Set of Five Federal “Fancy” Painted Chairs – SOLD
Probably Salem, c. 1805
The set consisting of four side chairs and an arm chair in black paint with gray pin-striping, having a turned crest rail with a central tablet decorated with a painted representation of crossed sheaths of wheat on a yellow ground above a pair of cross braces with six vertical stays each with a small tablet with stylized red stars on yellow ground, above a pair of cross braces positioned closer to the seat, held between styles with acorn finials and a yellow-painted vertical stripe on the planed front face, above a rush seat with fine applied seat rails, above turned, tapering front legs with a ball top, yellow front stripe and terminating in high turned spade feet. The legs are connected with a pair of stretchers on each side, a rear and front stretcher, the front stretcher with a tablet with stars painted on a yellow ground. The arm chair having a turned support and three vertical stays with yellow-painted tablets with stars held between the turned arm-rest and a corresponding horizontal brace below.
H: approx.: 33″
Condition: Excellent; Having no wood repairs or replacements and with paint in pristine condition with only small areas of loss, consistent with age and use.

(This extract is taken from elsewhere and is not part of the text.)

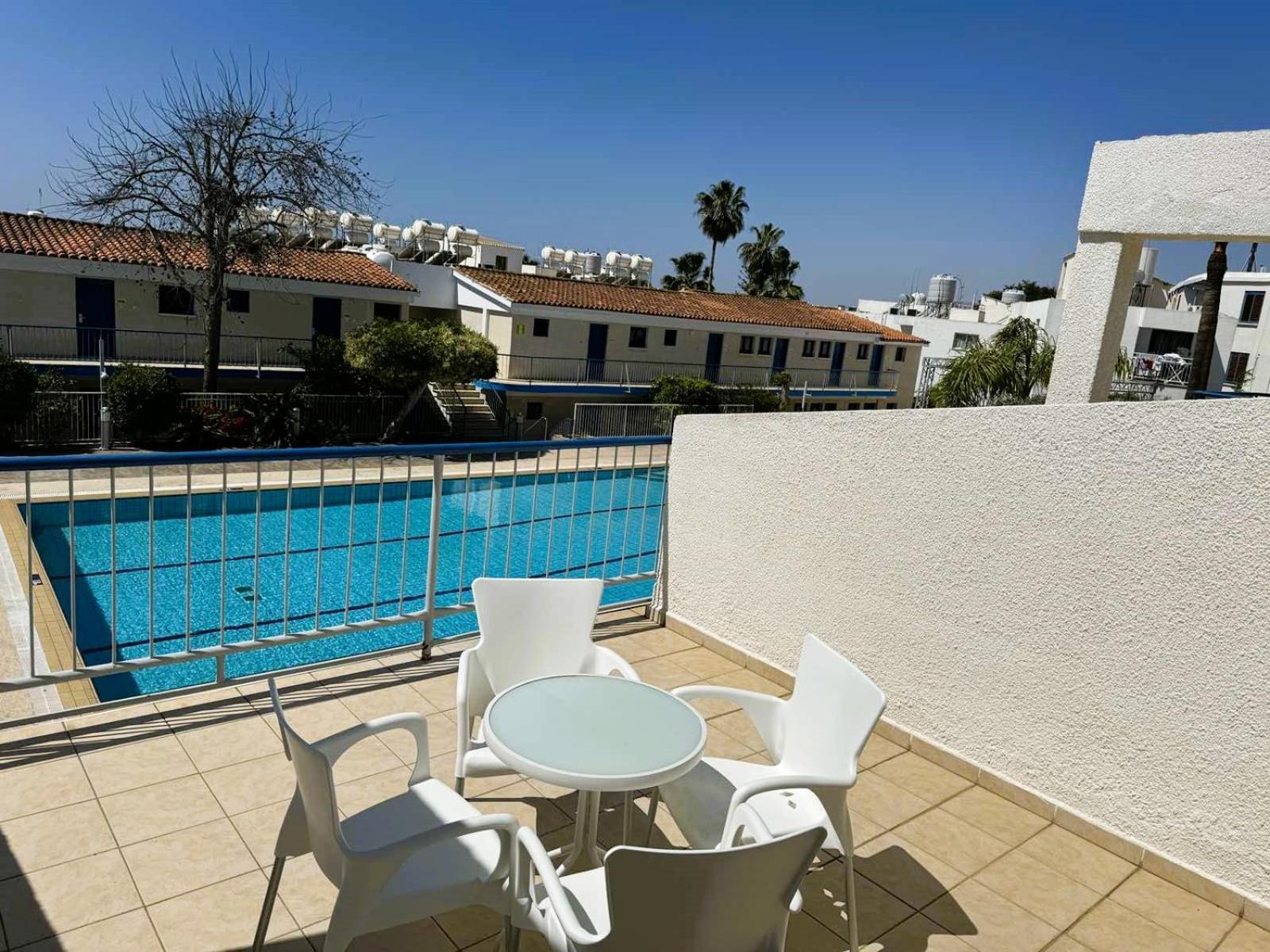 One-Bedroom Apartment Pool View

All the rush seats are replaced except on one side chair.
These chairs are believed to have been made in Salem, Massachusetts, based on three published examples, two in Dean A. Fales, Jr., American Painted Furniture 1660-1880 (New York: E.P. Dutton, 1972), 146-7, and one in Dean T. Lahikainen’s, Samuel McIntire: Carving an American Style (Salem: Peabody Essex Museum, 2007), 125.
The present chairs share with the published “fancy” chairs that are believed to be Salem made, distinctive finials and the painted crossed sheaths of wheat, clearly by the same artist, and the high turned spade foot. Two of these chairs are in the collection of the Peabody Essex Museum, Salem, Ma.
Another closely related set of “fancy” chairs are in the collection of the Morris Jumel Mansion in upper Manhattan and a third set was illustrated in the Magazine ANTIQUES (May, 2005), p. 108, and one of these was featured on the cover of the issue.